■ Information:

++++

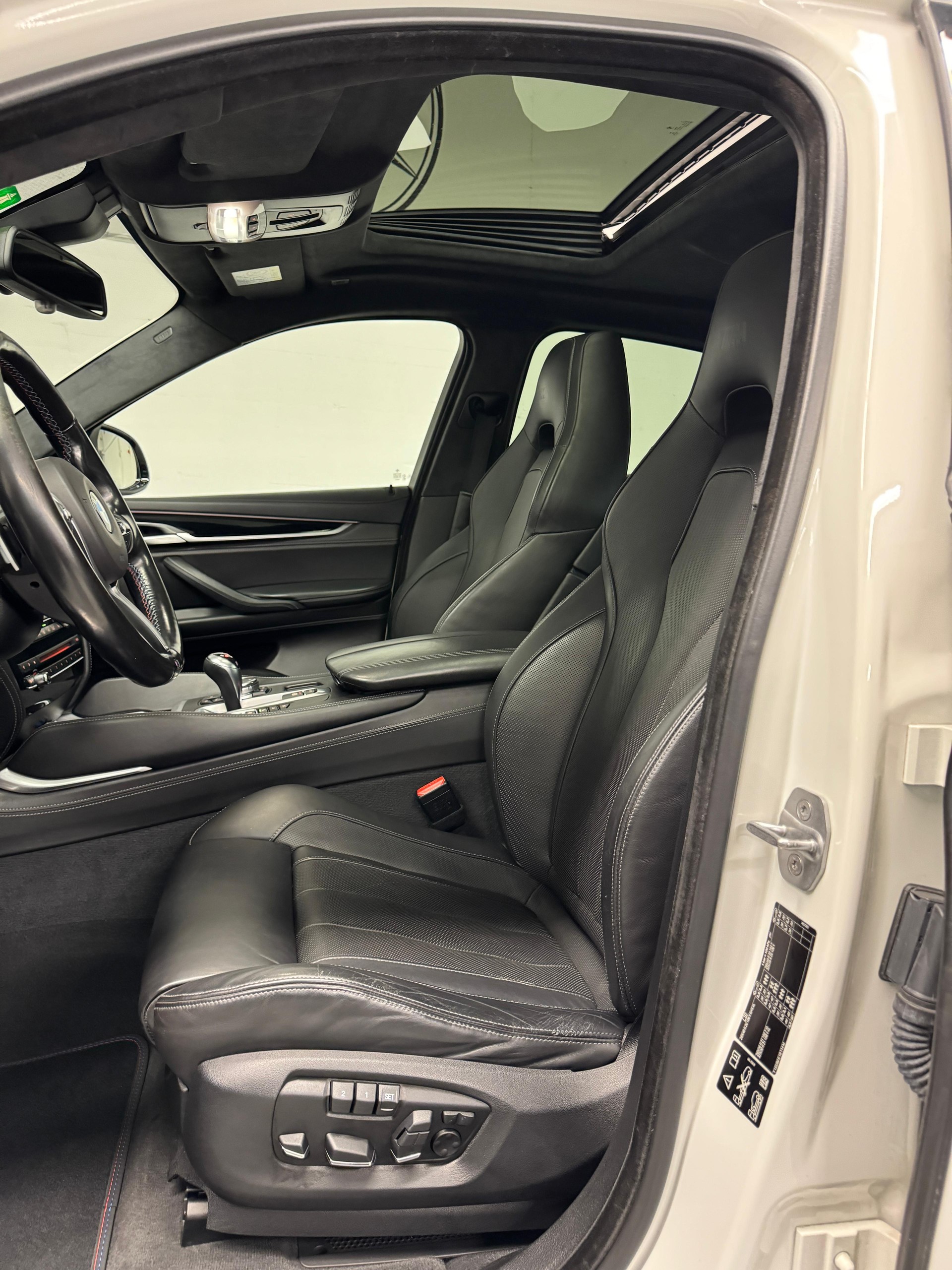 BMW X6M Limited White Black Performance Steptronic Aktionleasing ab 499.--image-19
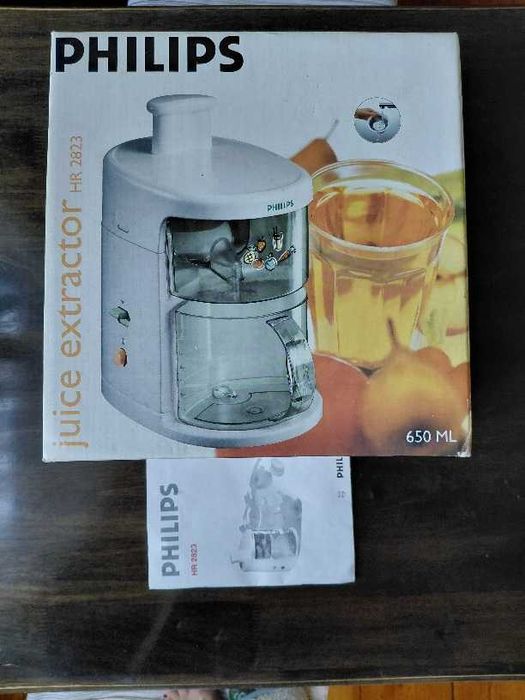 Соковижималка Philips HR2823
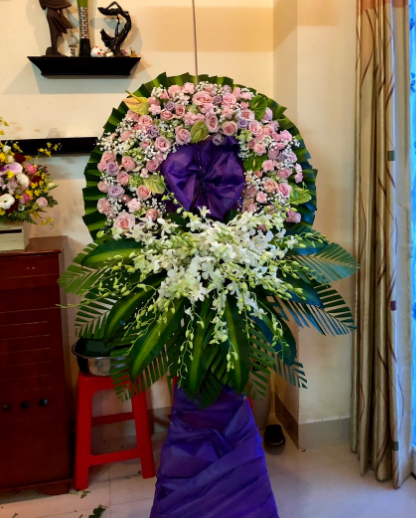 HV122 - Kệ hoa viếng tang lễ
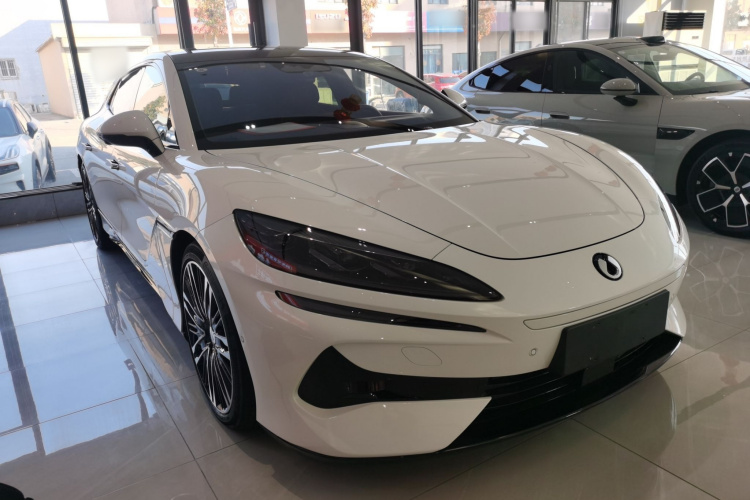 腾势Z9GT 2024款 1100四驱Ultra版车身外观3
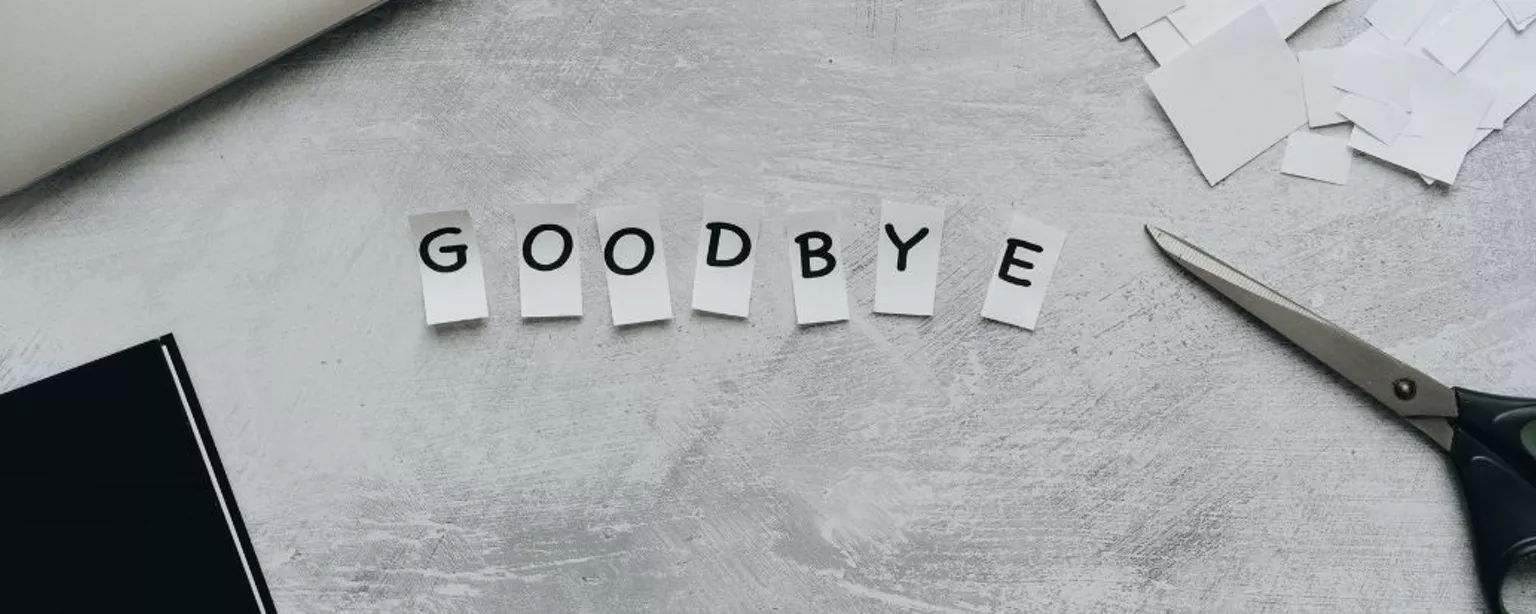 Das Wort Goodbye ausgeschnitten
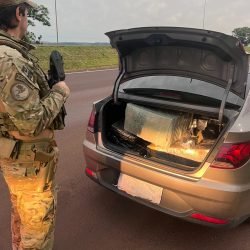 PRF recupera carro roubado e apreende drogas em Medianeira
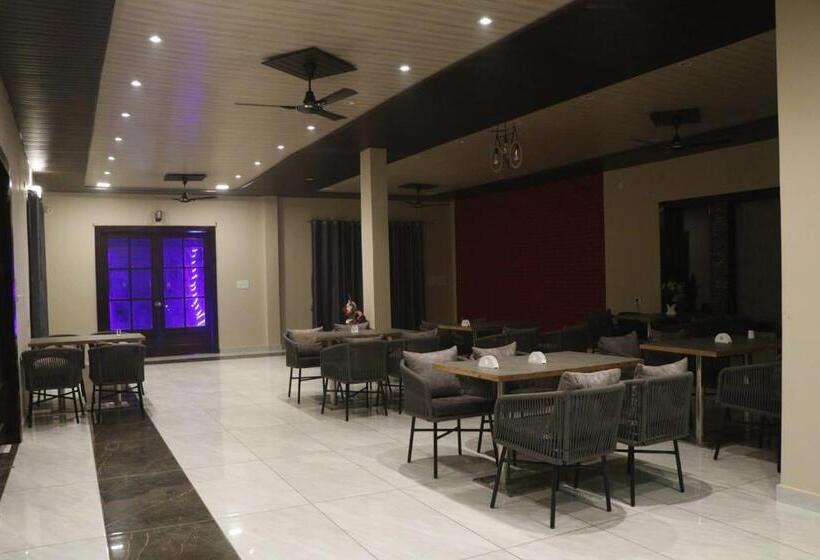 בית מלון כפרי Moonshine Cafe And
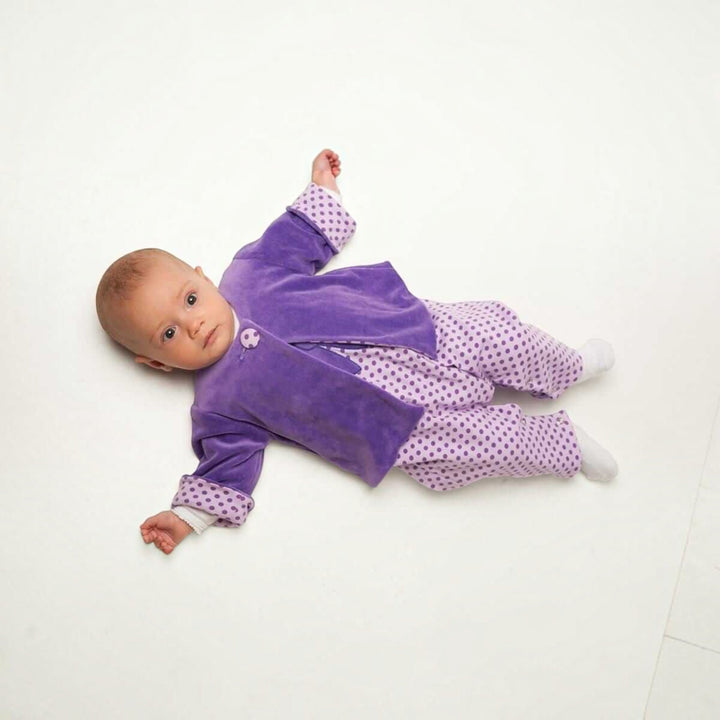 Baby Set pdf Schnittmuster PLINIO FILIPPA BUBU – Overall, Jacke & Mütze 56/62–92/98 in lila mit Punkten auf einem Baby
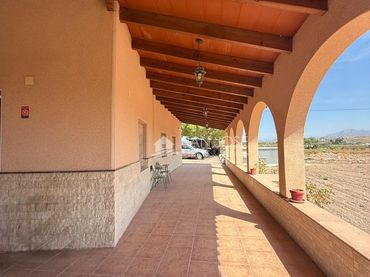 Villa avec jardin à vendre à Novelda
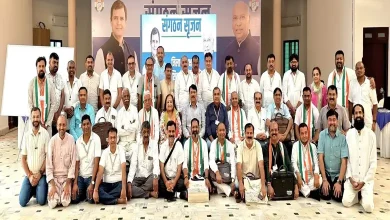 વર્ચ્યુઅલ બેઠકમાં કોંગ્રેસના કાર્યકર્તાઓ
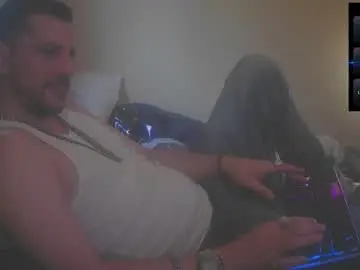 Chaturbate Watch Live Sex Cams of bigcawwwk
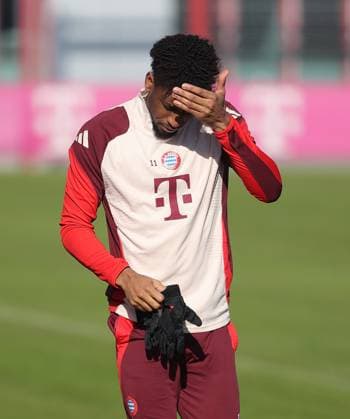 17.02.2025, CL. Abschlusstraining, Saebenerstrasse Muenchen,, Fussball, im Bild: Kingsley Coman (FC Bayern Muenchen)
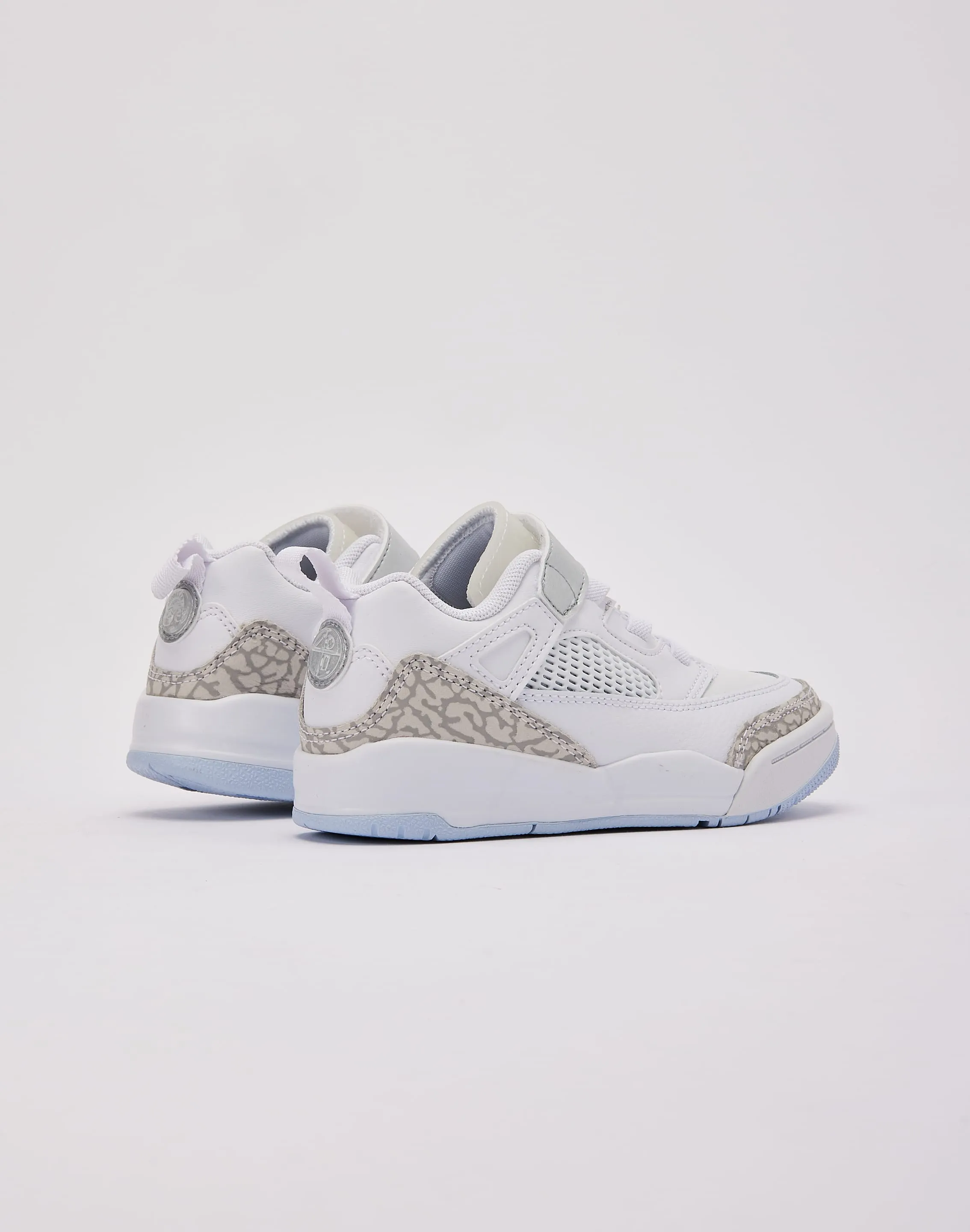 Jordan Spizike Low Pre-School Neutral Stance Design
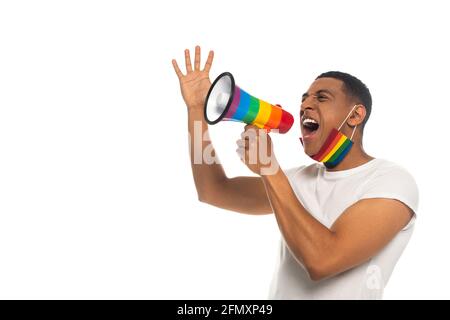 afroamerikanischer Mann mit medizinischer Maske in lgbt-Farben schreiend In Lautsprecher isoliert auf weiß Stockfoto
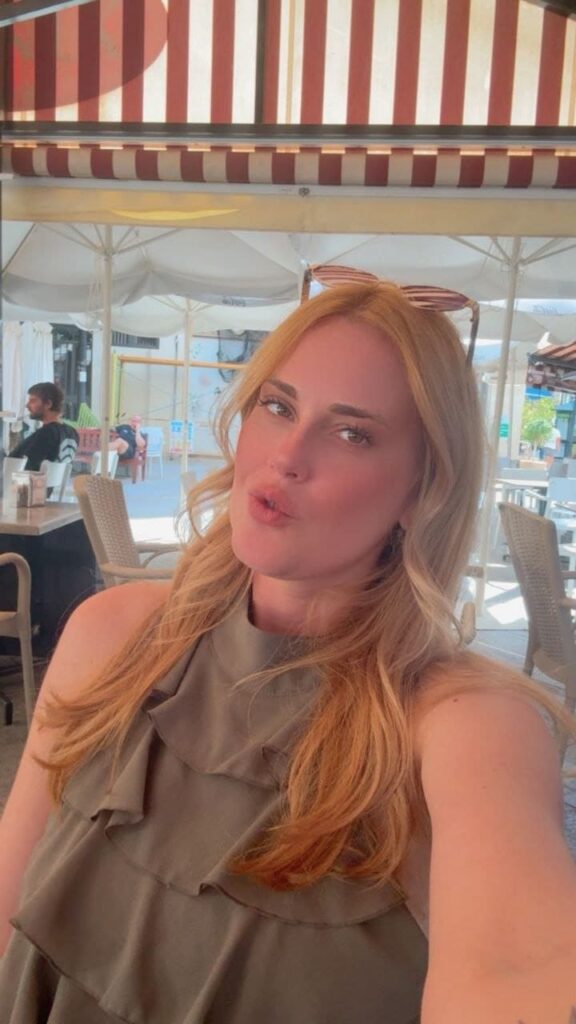 Bruna, une escort de 34 ans, prend un selfie dans un restaurant de Malaga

++++

■ What you are asked to do:
Once the pictures are set aside, the remaining data must be transcribed exactly.

■ Problem solution:
 BMW X6M Limited White Black Performance Steptronic Aktionleasing ab 499.--image-19
 Соковижималка Philips HR2823
 HV122 - Kệ hoa viếng tang lễ
 腾势Z9GT 2024款 1100四驱Ultra版车身外观3
 Das Wort Goodbye ausgeschnitten
 PRF recupera carro roubado e apreende drogas em Medianeira
 בית מלון כפרי Moonshine Cafe And
 Baby Set pdf Schnittmuster PLINIO FILIPPA BUBU – Overall, Jacke & Mütze 56/62–92/98 in lila mit Punkten auf einem Baby
 Villa avec jardin à vendre à Novelda
 વર્ચ્યુઅલ બેઠકમાં કોંગ્રેસના કાર્યકર્તાઓ
 Chaturbate Watch Live Sex Cams of bigcawwwk
 17.02.2025, CL. Abschlusstraining, Saebenerstrasse Muenchen,, Fussball, im Bild: Kingsley Coman (FC Bayern Muenchen)
 Jordan Spizike Low Pre-School Neutral Stance Design
 afroamerikanischer Mann mit medizinischer Maske in lgbt-Farben schreiend In Lautsprecher isoliert auf weiß Stockfoto
 Bruna, une escort de 34 ans, prend un selfie dans un restaurant de Malaga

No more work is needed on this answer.